(Excerpted records)
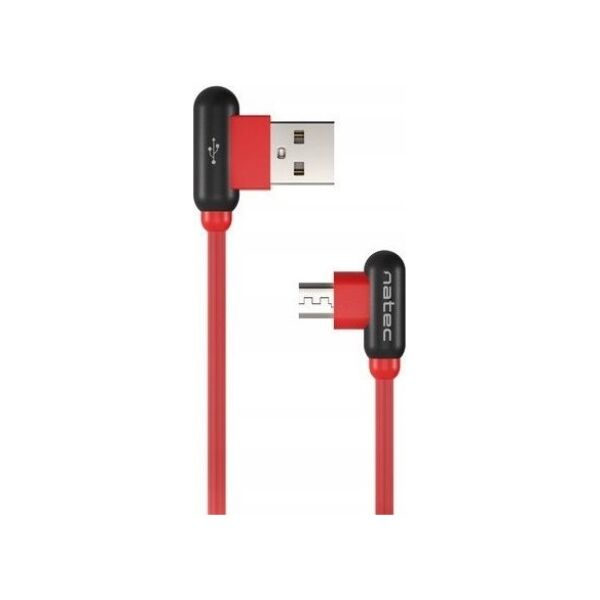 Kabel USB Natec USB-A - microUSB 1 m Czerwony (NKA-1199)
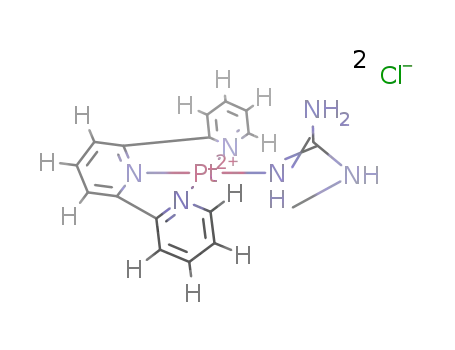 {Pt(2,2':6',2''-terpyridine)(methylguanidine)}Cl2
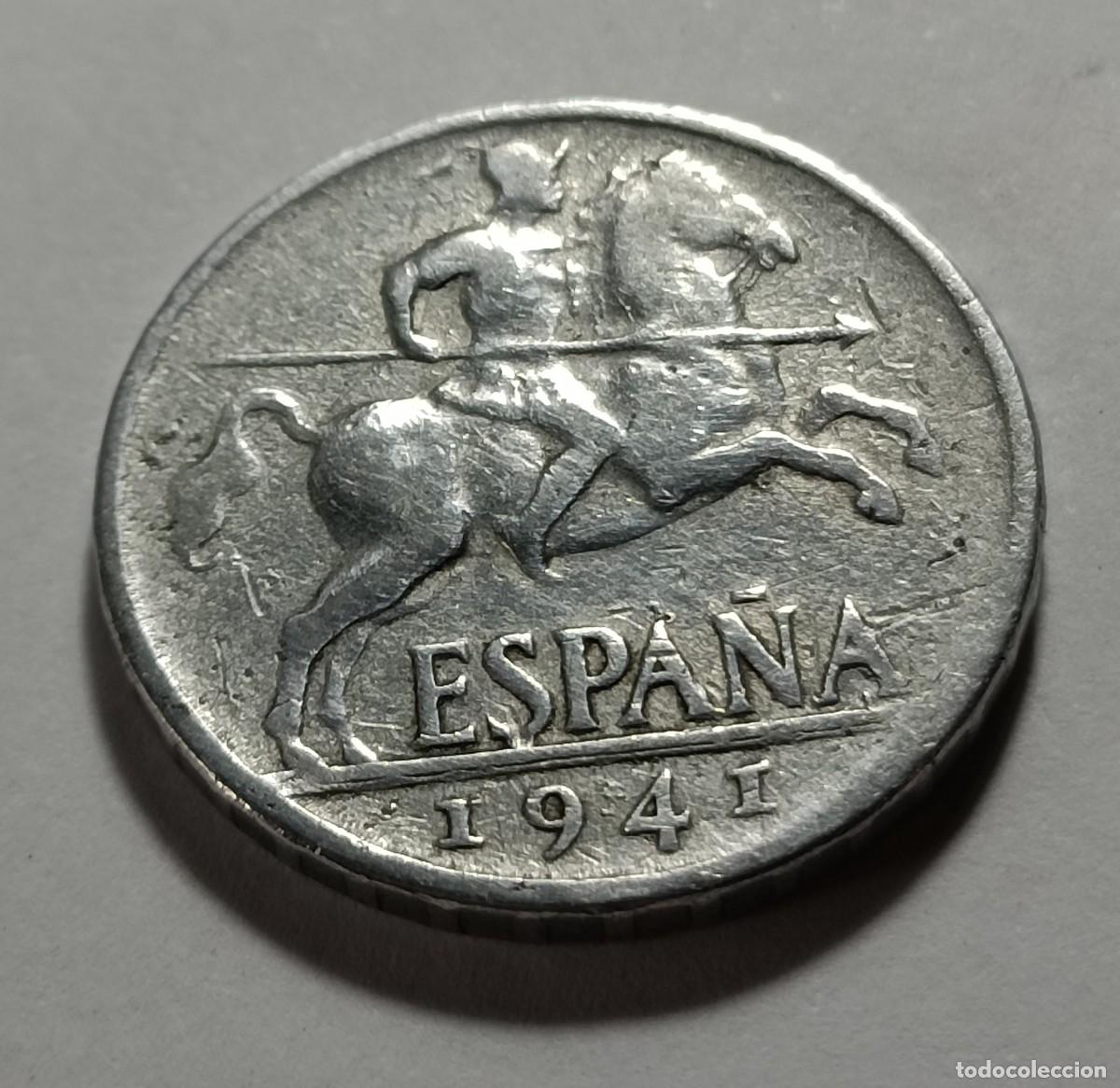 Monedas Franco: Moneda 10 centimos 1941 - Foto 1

---

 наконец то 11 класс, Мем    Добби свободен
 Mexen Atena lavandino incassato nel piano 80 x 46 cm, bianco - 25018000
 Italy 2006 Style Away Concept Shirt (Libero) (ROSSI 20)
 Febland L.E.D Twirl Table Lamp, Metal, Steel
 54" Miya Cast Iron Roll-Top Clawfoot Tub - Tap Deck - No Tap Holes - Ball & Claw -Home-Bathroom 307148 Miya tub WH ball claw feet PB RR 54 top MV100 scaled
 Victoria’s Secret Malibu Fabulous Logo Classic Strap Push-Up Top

...

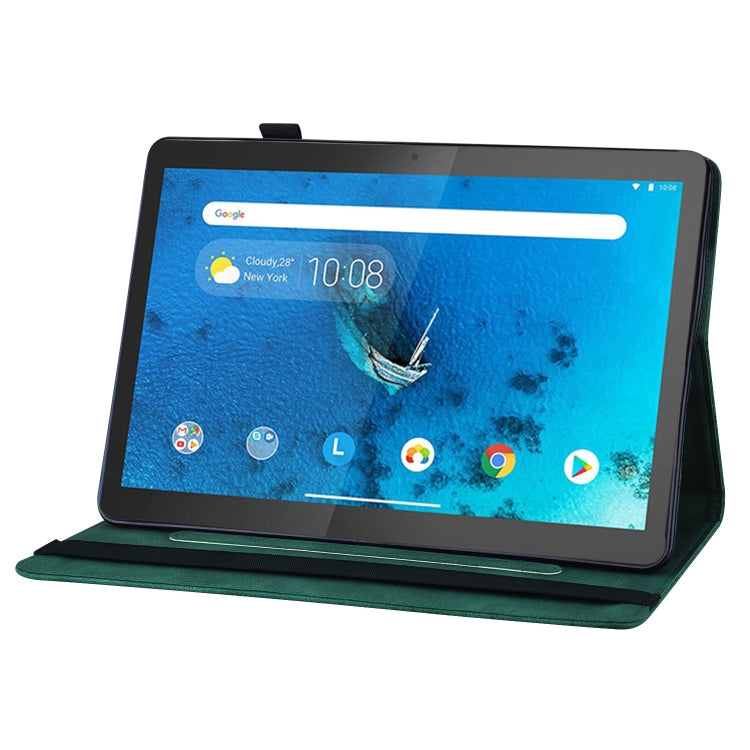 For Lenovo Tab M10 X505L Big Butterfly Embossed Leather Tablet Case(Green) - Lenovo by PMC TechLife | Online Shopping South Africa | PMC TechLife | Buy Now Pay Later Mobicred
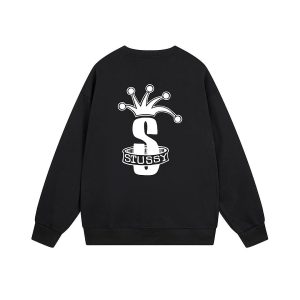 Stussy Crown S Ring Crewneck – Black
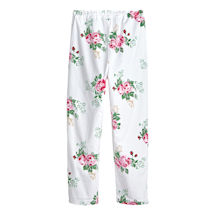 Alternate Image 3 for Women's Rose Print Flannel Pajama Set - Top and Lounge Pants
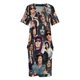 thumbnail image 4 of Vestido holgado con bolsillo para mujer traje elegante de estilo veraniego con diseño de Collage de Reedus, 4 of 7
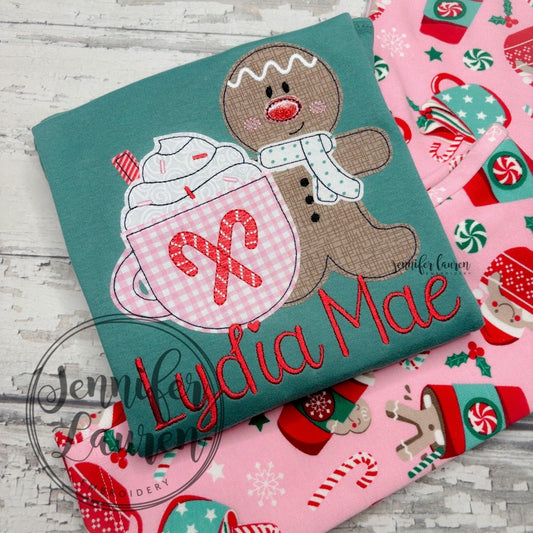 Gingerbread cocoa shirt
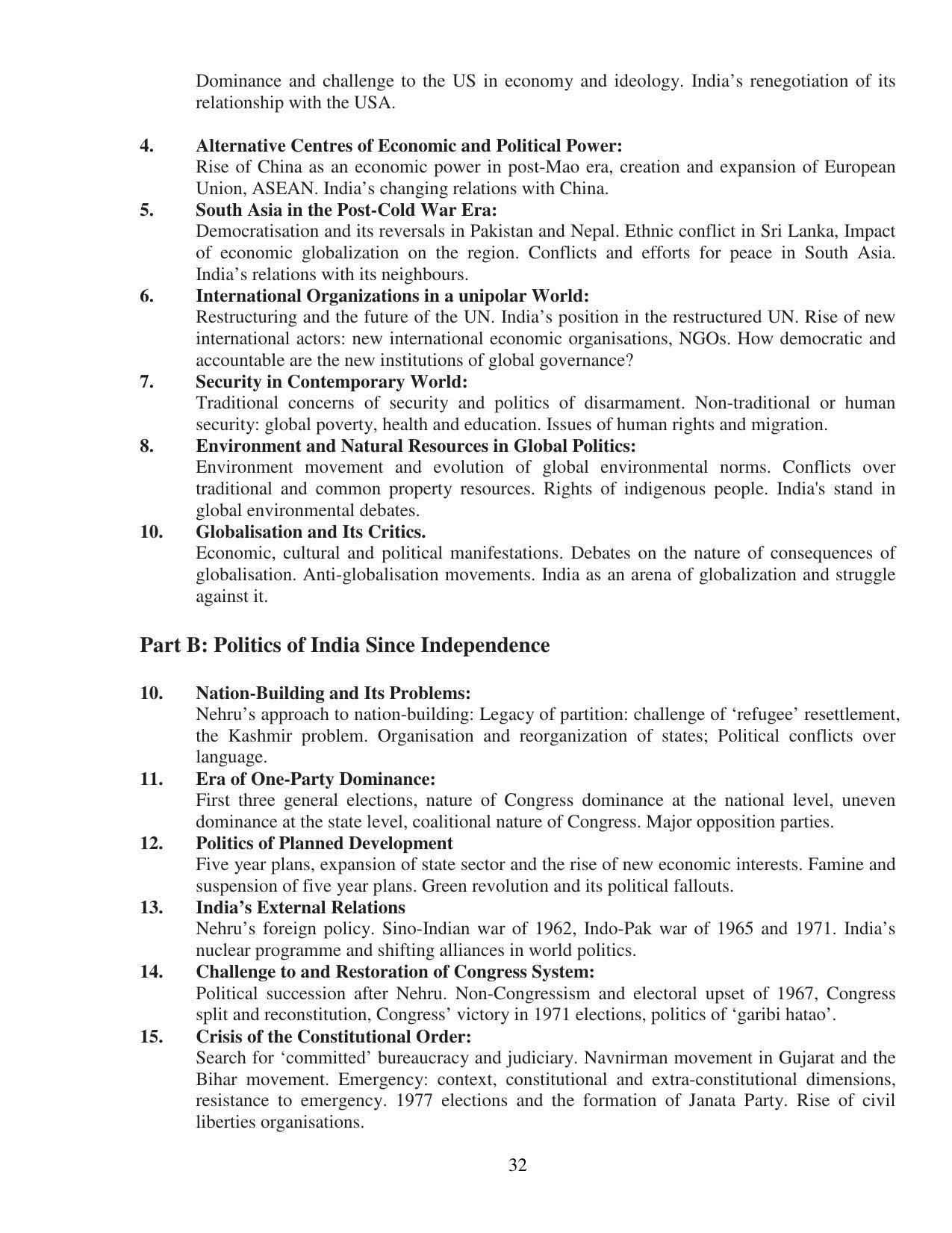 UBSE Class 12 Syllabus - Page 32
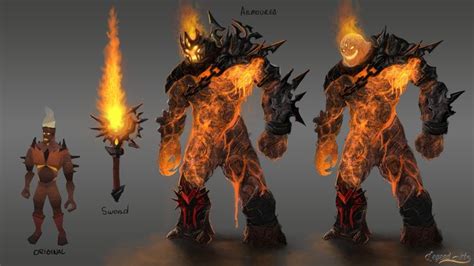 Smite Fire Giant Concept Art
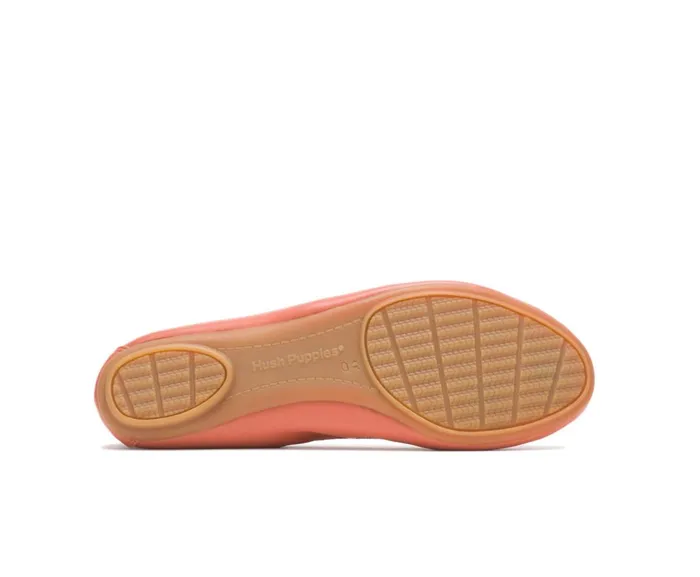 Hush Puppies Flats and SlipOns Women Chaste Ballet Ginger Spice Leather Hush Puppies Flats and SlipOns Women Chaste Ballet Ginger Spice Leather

(What you are asked to do)
The response must hold only the lines above from the line with "наконец то 11" through the line with "top MV100 scaled", each copied exactly, both ends kept.

(Task response)
 наконец то 11 класс, Мем    Добби свободен
 Mexen Atena lavandino incassato nel piano 80 x 46 cm, bianco - 25018000
 Italy 2006 Style Away Concept Shirt (Libero) (ROSSI 20)
 Febland L.E.D Twirl Table Lamp, Metal, Steel
 54" Miya Cast Iron Roll-Top Clawfoot Tub - Tap Deck - No Tap Holes - Ball & Claw -Home-Bathroom 307148 Miya tub WH ball claw feet PB RR 54 top MV100 scaled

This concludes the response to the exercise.